=== RECORDS PROVIDED ===
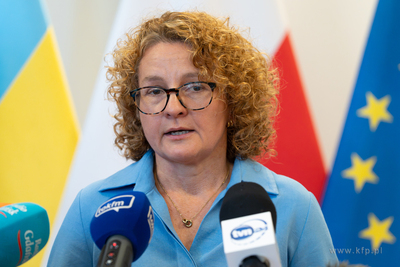 Konferencja prasowa Ministy Edukacji Narodowej, Barbary...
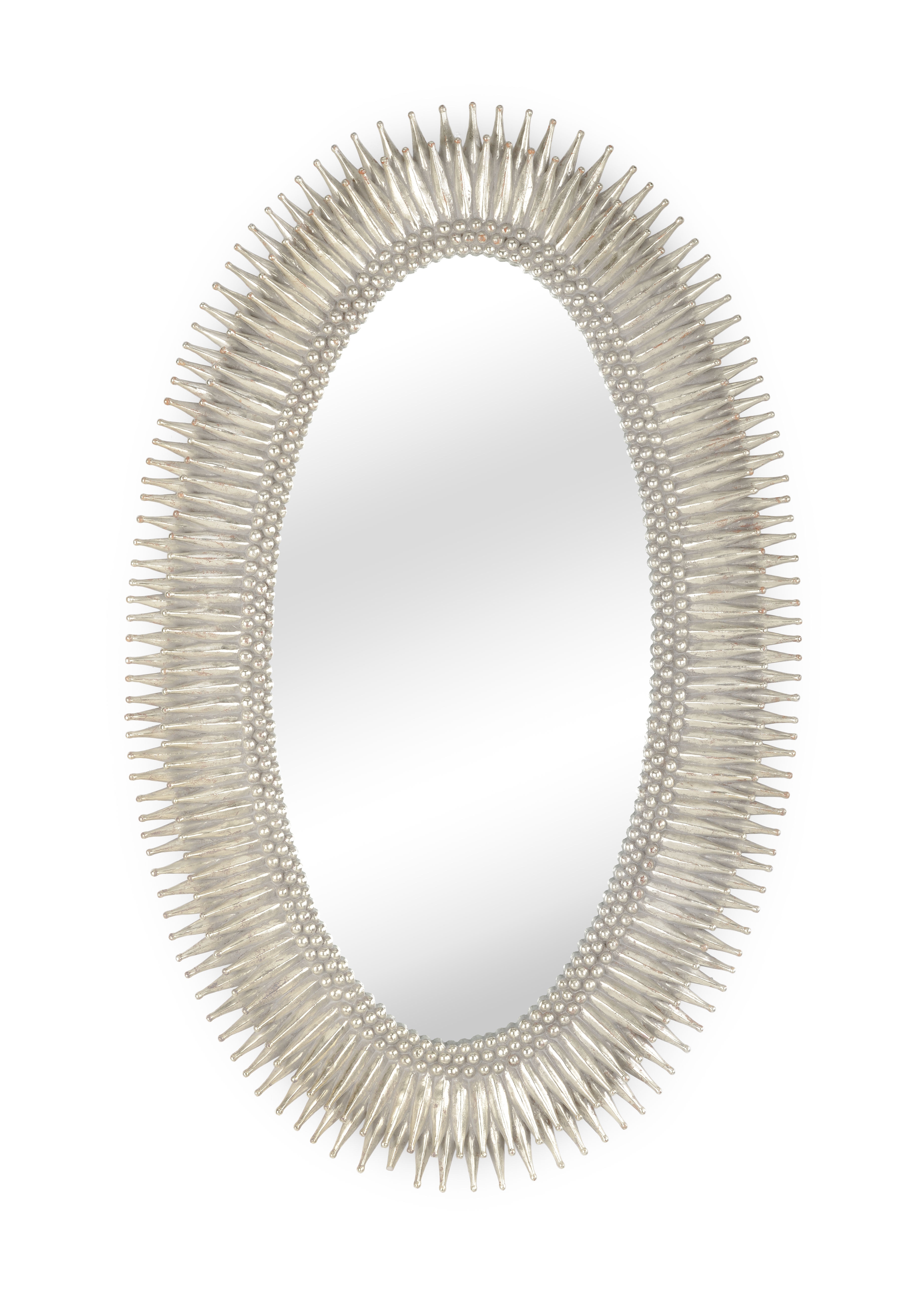 Wildwood Lucius Mirror - Silver 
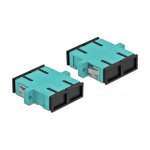 Delock LWL Kupplung SC Duplex Buchse zu SC Duplex Buchse...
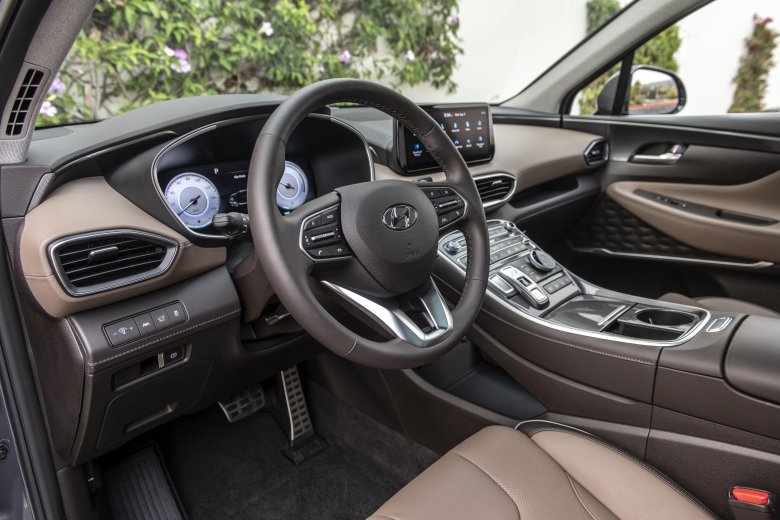 Hyundai santa fe 2021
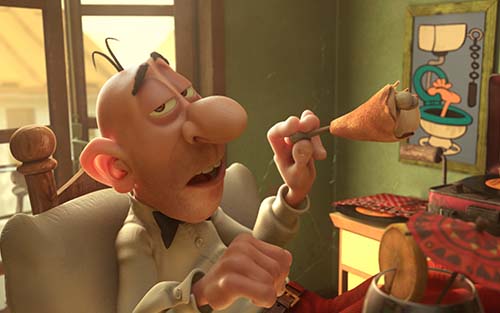 Mortadelo y Filemon contra Jimmy el cachondo, by Favier Fesser. Lighting sequence lead Eduardo Suazo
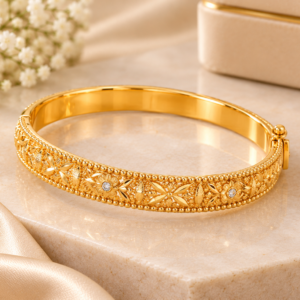 Classic Gold Kada Bangle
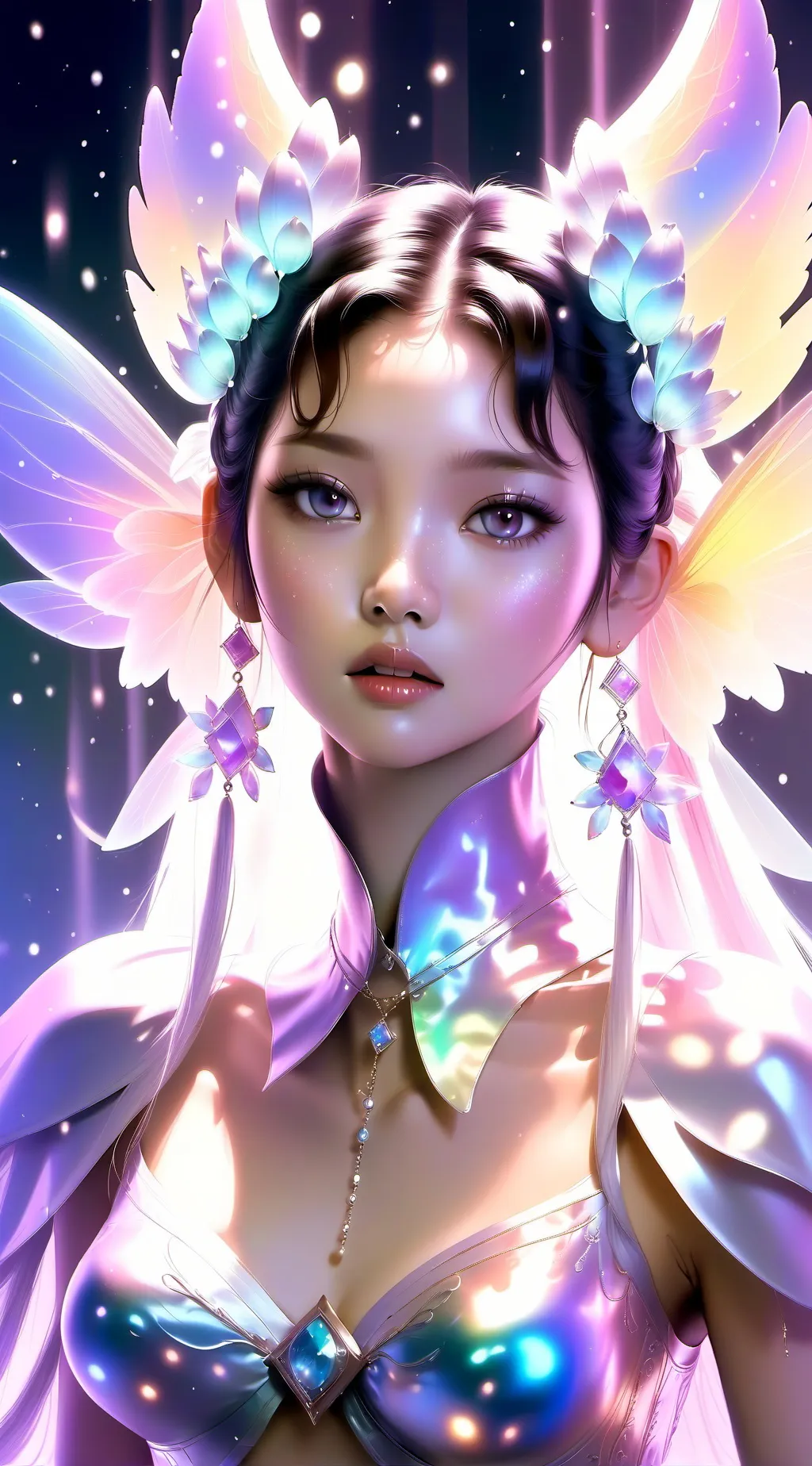 ai character: all of us are dead background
===
> INSTRUCTIONS TO FOLLOW
Copy out, unchanged, the span of lines beginning with the one that includes "Wildwood Lucius Mirror - Silver" and running through the final line of the material above. Leave the pictures out.

> ANSWER TO THE PROBLEM
 Wildwood Lucius Mirror - Silver 
 Delock LWL Kupplung SC Duplex Buchse zu SC Duplex Buchse...
 Hyundai santa fe 2021
 Mortadelo y Filemon contra Jimmy el cachondo, by Favier Fesser. Lighting sequence lead Eduardo Suazo
 Classic Gold Kada Bangle
 ai character: all of us are dead background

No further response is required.